Five years ago, the family moved to the mainland United States and settled in Brookline, closer to MacDougall’s parents, and he sought out the local specialty coffee subculture, attending seminars and trainings at the Somerville outpost of Counter Culture Coffee company. In 2015, he sat through a six-day exam period to become a certified Q-grader (“Like a master sommelier, but for coffee,” he says; “there are only maybe 300 to 350 of them in the United States”), entitled to officially evaluate the quality of coffees.

Here’s his quick lesson on grading: green arabica coffee is scored on a 100-point scale; anything below 80 points is priced off of the commodities futures markets and sold in grocery stores, although the top-shelf brands at big coffee chains rate as high as 84. Most lower-grade arabica coffee comes from Brazil and Colombia, while robusta (which MacDougall calls “crap”) is from Vietnam; and the specialty coffees are grown largely in East Africa (Ethiopia, Kenya, Rwanda, Burundi) and Central America (Guatemala, Costa Rica, Colombia, and Panama); those above 86 points are generally produced in micro-lots of under 10,000 pounds. Broadsheet’s beans, he adds, are scored from 86 to the low 90s: “Coffees over 92 points are unicorns, there are almost none, and often go for hundreds of dollars a pound raw.”

MacDougall now puts his connoisseurship to the test. He won the Genuine Origin Coffee Project’s debut “Roast and Go” competition in 2016, and last year placed fifth in the United States Cup Tasters Championship (against experts from companies like Green Mountain Coffee Roasters and Blue Bottle). Contestants strive to be the fastest and most accurate in identifying the odd one out of three cups of coffee. If that sounds easy, he says, it’s not: “They try to select coffees that are very similar. You can have two coffees from the same farm, but one’s grown on one side of the plantation, and the other, on the other side.”

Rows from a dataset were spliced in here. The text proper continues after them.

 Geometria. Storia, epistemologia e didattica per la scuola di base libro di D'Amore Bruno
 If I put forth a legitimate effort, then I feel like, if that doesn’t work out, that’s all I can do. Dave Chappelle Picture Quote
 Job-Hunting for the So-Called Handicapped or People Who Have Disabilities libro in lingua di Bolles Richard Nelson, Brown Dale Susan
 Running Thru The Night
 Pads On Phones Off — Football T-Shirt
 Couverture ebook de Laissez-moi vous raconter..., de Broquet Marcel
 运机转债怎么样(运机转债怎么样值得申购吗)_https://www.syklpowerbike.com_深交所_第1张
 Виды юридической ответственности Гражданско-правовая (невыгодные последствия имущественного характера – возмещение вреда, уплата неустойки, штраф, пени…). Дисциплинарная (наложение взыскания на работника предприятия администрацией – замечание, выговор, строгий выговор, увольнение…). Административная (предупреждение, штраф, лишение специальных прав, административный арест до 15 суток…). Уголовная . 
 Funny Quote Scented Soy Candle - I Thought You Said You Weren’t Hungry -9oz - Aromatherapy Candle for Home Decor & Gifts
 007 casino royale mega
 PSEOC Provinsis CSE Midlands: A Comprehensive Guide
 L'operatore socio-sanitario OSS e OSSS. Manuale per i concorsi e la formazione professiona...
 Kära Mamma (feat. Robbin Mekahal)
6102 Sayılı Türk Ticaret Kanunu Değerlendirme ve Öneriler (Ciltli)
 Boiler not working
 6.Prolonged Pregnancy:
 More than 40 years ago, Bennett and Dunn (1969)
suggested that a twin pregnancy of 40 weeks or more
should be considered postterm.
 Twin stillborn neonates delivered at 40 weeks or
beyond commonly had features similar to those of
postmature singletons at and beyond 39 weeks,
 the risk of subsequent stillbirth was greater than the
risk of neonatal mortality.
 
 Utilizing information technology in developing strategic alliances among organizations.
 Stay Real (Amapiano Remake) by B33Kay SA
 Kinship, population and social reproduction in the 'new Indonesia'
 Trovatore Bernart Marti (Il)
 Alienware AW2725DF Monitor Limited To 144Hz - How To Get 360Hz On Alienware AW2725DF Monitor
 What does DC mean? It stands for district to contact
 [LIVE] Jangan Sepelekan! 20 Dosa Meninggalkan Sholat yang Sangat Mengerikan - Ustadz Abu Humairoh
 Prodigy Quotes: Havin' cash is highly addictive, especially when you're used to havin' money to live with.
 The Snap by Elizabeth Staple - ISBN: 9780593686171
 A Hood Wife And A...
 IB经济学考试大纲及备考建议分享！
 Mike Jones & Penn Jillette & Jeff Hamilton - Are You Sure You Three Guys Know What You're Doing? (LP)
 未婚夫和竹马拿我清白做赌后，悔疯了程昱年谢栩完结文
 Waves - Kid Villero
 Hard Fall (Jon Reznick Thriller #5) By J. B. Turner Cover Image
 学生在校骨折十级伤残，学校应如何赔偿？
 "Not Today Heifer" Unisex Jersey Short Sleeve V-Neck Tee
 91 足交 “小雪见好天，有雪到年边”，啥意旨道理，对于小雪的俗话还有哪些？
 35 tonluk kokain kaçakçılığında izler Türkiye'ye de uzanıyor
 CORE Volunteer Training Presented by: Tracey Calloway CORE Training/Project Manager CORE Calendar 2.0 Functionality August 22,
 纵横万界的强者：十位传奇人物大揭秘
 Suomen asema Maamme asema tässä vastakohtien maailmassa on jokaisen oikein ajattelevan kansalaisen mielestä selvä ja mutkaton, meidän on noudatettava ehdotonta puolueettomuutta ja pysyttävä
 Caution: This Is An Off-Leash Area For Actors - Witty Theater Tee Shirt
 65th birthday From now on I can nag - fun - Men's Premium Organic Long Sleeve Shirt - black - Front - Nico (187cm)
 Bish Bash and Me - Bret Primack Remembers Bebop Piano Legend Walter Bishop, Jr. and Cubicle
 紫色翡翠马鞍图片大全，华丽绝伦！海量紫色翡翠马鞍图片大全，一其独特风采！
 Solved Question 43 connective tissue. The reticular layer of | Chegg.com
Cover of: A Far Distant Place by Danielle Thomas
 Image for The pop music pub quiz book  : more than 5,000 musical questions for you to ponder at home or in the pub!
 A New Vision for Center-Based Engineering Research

Appreciation of fine coffee (and the price point that often goes with it) already exists in Los Angeles and New York City, he says, and is slowly emerging in Greater Boston, through the work of companies like Counter Culture and the Acton-based George Howell Coffee. And MacDougall concedes that he was once as naïve as anyone else: “Before I got into this, I thought of a coffee bean as a grain of rice: every one was perfect. And it couldn’t be farther from the truth.”